Perhaps you noticed that others also ask John what they should do. Tax-
collectors and soldiers ask this same longing question. Their’s are loaded
questions, of course. The tax-collectors are not just working for Revenue
Israel. They are despised Jewish collaborators who are contracted by the
hated Roman Empire ... and who are given freedom by the authorities to
gouge as much tax as they can ... and to keep anything they can steal over the
bottom line demanded by the Emperor. And the soldiers ... why they are not
even Jews. They are Romans ... Gentiles ... on tours of duty in backwoods
Israel where they spend their days blackmailing and violating the vulnerable.
One might well expect this prophet of God to tell these tax-collectors and
soldiers that they must stop everything immediately ... quit their immoral
jobs ... and follow him. But, no. John tells them that to prepare for the coming
Kingdom they must simply stop stealing and extorting. Given power and
freedom to hurt the weak they are to resist temptation and act responsibly.
They are, says John, to repent ... to change ... to bear fruit.
When you look at it, John does not ask for the impossible. In fact, he makes
repentance look quite possible. But what can such small actions accomplish?

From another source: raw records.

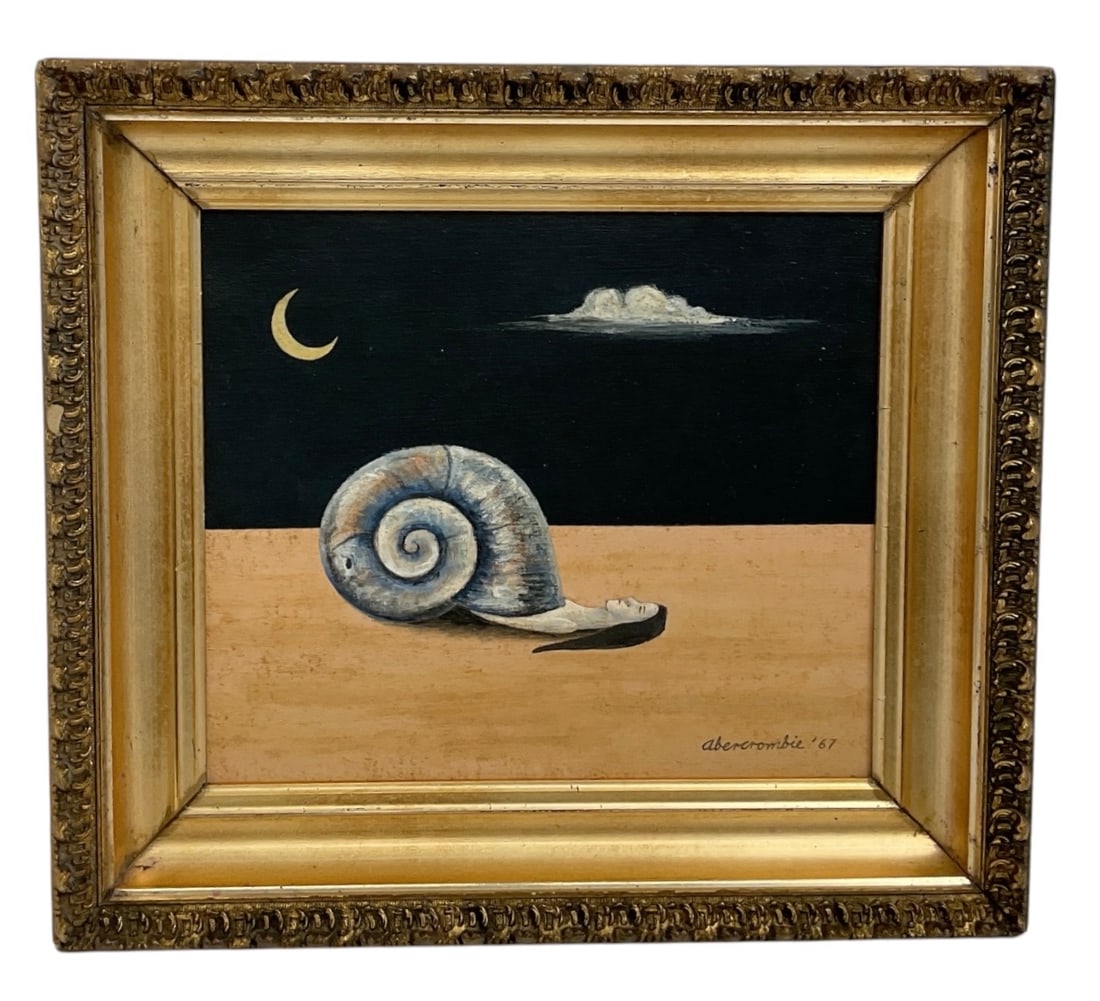 "Snail Woman" by Gertrude Abercrombie (United States, 1909-1977) Oil on Masonite (1 of 4)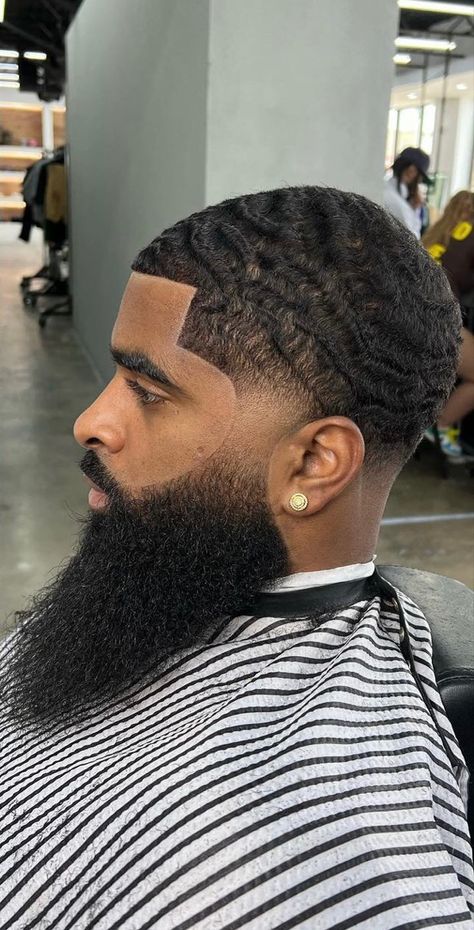 Black Man Haircut Taper Low Fade, Low Taper With Beard, Waves With Beard, Front Taper Haircut Black Men, Low Fade Haircut Mens Black Waves, Waves Fade Black Men, 360 Waves With Beard, Jawline Men, Tapered Beard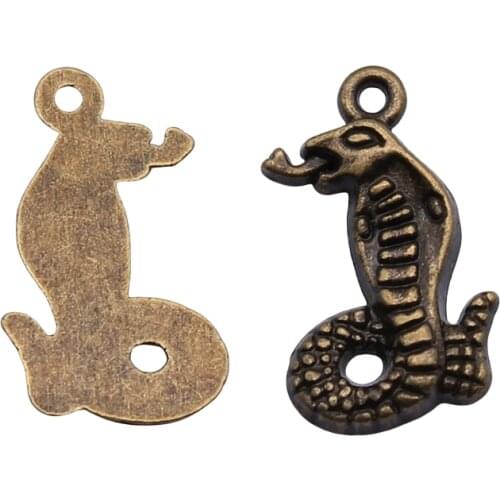 WYSIWYG 20pcs 18x10mm Pendant Snake Cobra Snake Charm Pendants For Jewelry Making Antique Silver Color Snake Pendants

How might they really be invitations into the Kingdom of God? Could
repentance ever be good news? Consider this. For fifty years Christian
churches and theologians have been trying to come to terms with the
Holocaust. In those five decades the growing awareness that Christian anti-
semitism provided the fertile ground for National Socialism to flourish in
Germany has deeply grieved many Christians. The resulting changes in
Christian attitudes towards Jews and towards Judaism have been
widespread and sweeping. Apologies have been spoken ... but more than
that, changes in thinking and in practice have begun. Witness the eighteen of
our number who participated in the 24 hour vigil with our Jewish colleagues
to mark Kristallnacht on campus a month ago. And what has become of these
fifty years of slow but steady repentant change? This past summer a
surprisingly diverse and sizable group of Jewish scholars and Rabbis
published the first statement of its kind - a proposal to reconsider the
relationship between Jews and Christians based on the changed attitudes and
behaviours of Christians, and of their churches, towards Jews. Fifty years of
learning new habits of the heart with regard to the Jews ... fifty years of slow,
steady repentance ... finally bearing fruit. This is good news, indeed.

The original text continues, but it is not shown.